We go to the cemetery for birthdays, anniversaries… the kinds of things people celebrate together, we observe with our dead: my sister, my father, my grandparents, an uncle, a cousin. We do not come empty handed to the cemetery. We bring flowers, yellow roses when we can find them, or bundles of the flowers from our own garden for Decoration Day. And the kinds of sweets they liked, candies and Little Debbie’s cakes.


Driving out, we observe the farmers have started planting corn in the kinds of fields we refer to as “bottoms”—the rich soil in lowlands near water. Tractors kicked up puffs of dusty earth behind their equipment. We slowed for a small herd of deer, one of whom stood in the center of the road startled and staring us down for a bit before it hightailed it across to the others. A pair of large, red-headed turkeys took off over a low fence. They were big, but not yet plump as winter.

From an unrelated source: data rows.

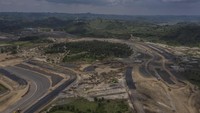 Rencananya, sirkuit MotoGP Mandalika akan diuji coba oleh pembalap pada Juli 2021 mendatang sebagai persiapan perhelatan MotoGP 2021 di akhir tahun.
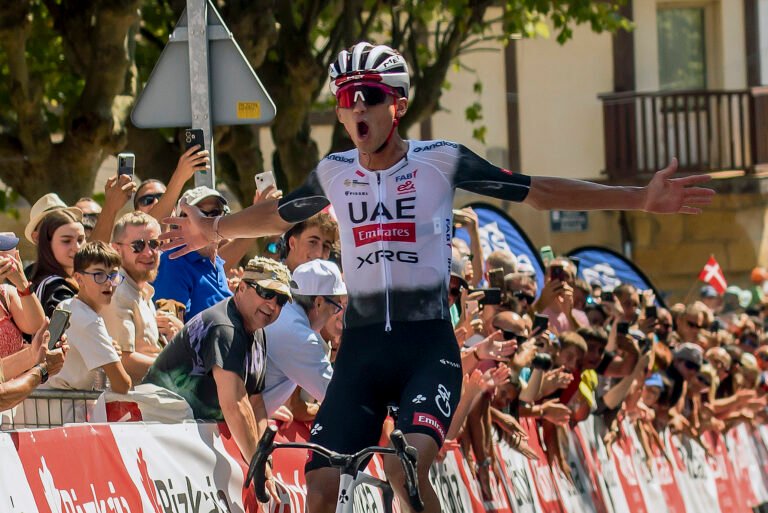 ISAAC DEL TORO GANA TOUR DE LOS EMIRATOS ÁRABES UNIDOS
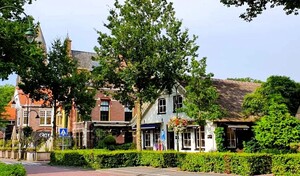 laren-02 laren-02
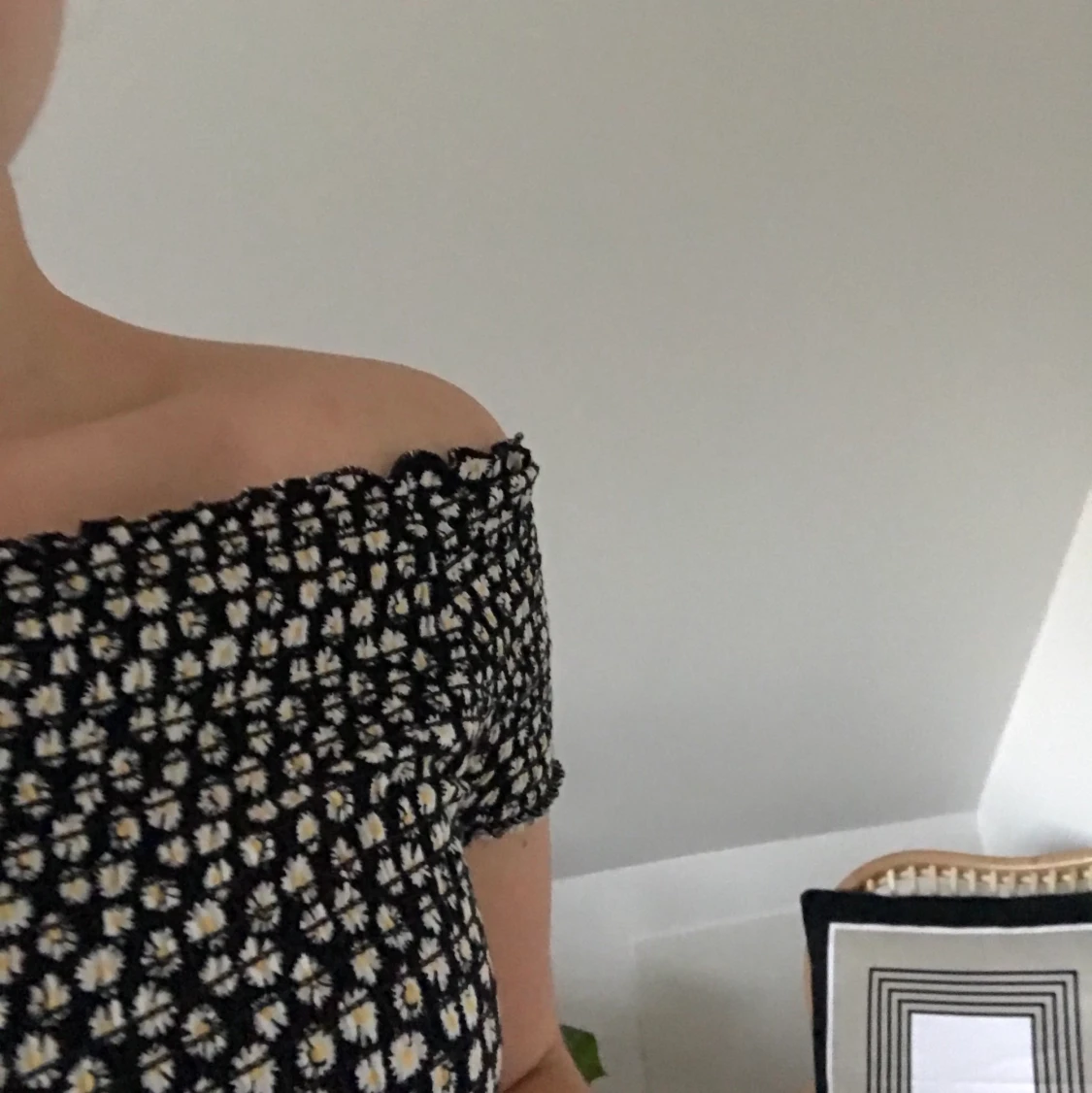 Vårig offshoulder topp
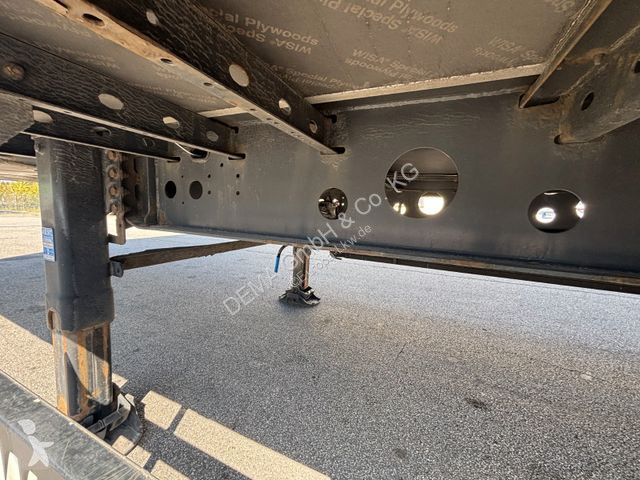 Semitrailer Schwarzmüller...
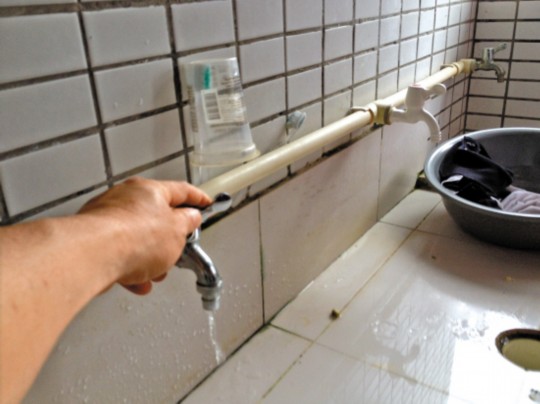 宿舍沒(méi)水學(xué)生接雨水洗澡？學(xué)校稱(chēng)是學(xué)生惡作劇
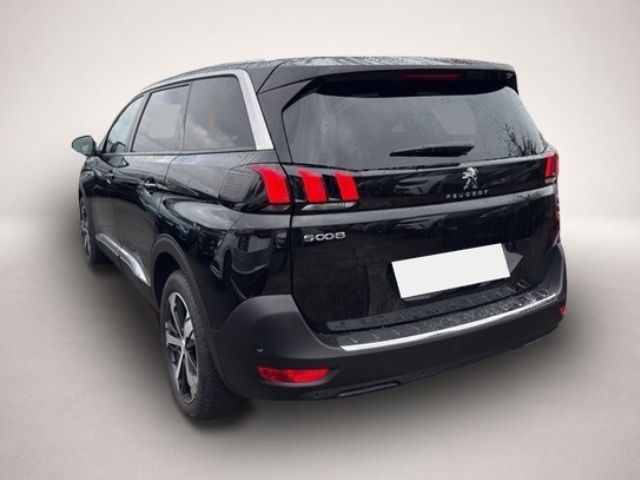 Peugeot 5008 (10/2023, Benzin)
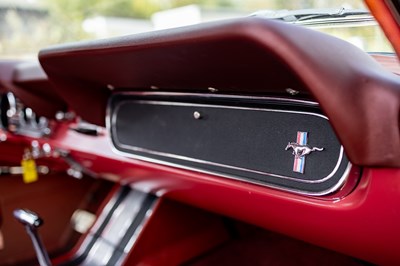 Lot 1966 Ford Mustang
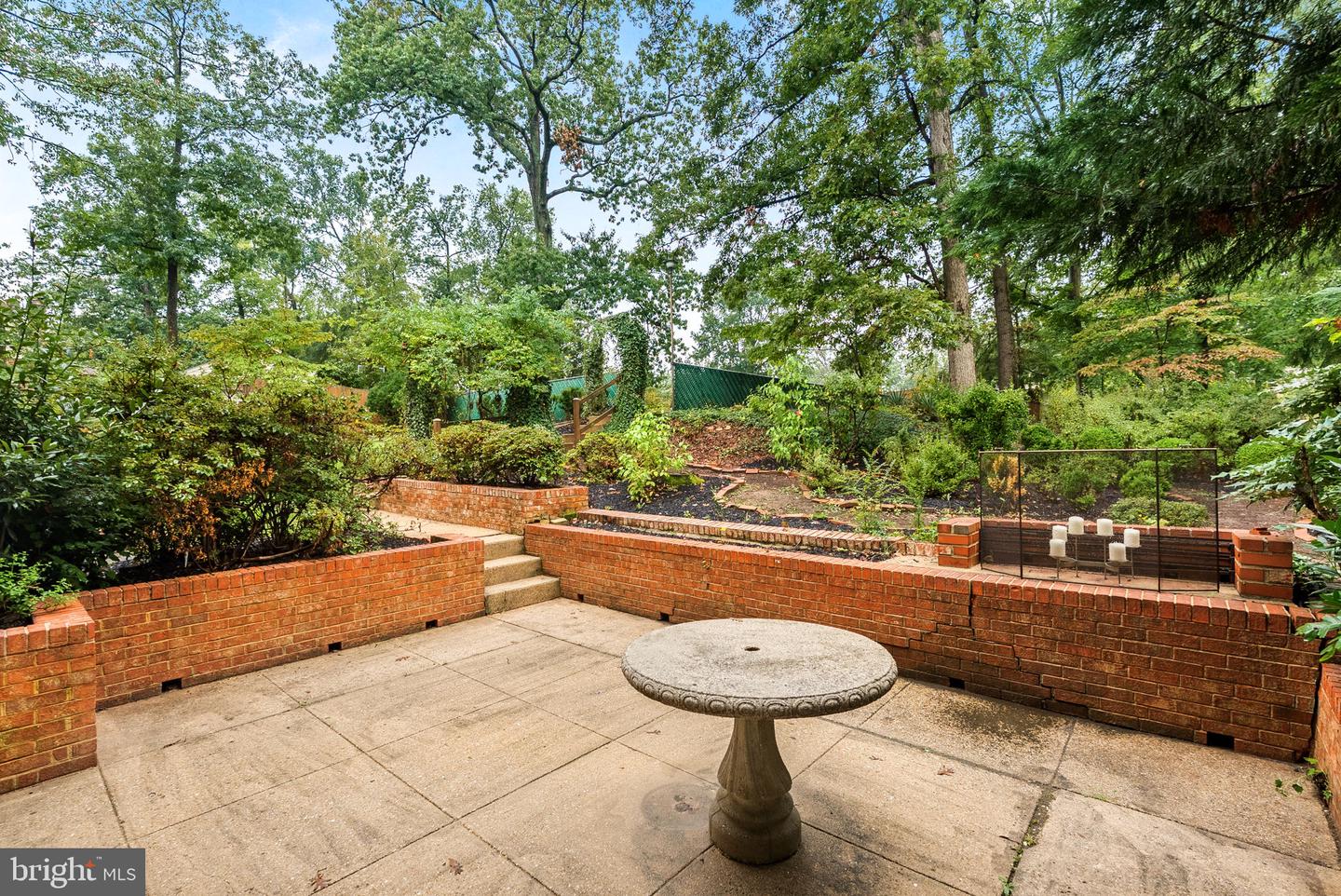 5924 JANE WAY, ALEXANDRIA, Virginia 22310, 5 Bedrooms Bedrooms, ,2 BathroomsBathrooms,Residential,For sale,5924 JANE WAY,VAFX2269702 MLS # VAFX2269702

We reached Smalltown and stopped at what used to be the G2M grocery store, across from the Dollar General. It’s been bought out by some small chain that hasn’t changed a damned thing about the little place.


Mom and I were going through the checkout line in Smalltown for the cakes, when the checker—a middle-aged lady wearing glasses and a pleasant smile, says apropos of nothing, that “Budweiser is losing sixty million dollars since they put transgenders on their cans.”


The smile doesn’t waver.


Ours do, but she doesn’t seem to notice. We mutter, take the Zebra Cakes, and walk out.


As my tears roll, I think about the trans kid I reached out to hug on Tuesday night in my state’s Capitol. It was well past a reasonable bedtime for a teen of that age. We stood in the Capitol basement and a hearing had just hit the gavel on a pair of bills that would deny basic human rights to transgender children and adults.


They had come to oppose something and listened for hours to people saying shitty things about them and their parents. Oppression dressed up in civility and concern.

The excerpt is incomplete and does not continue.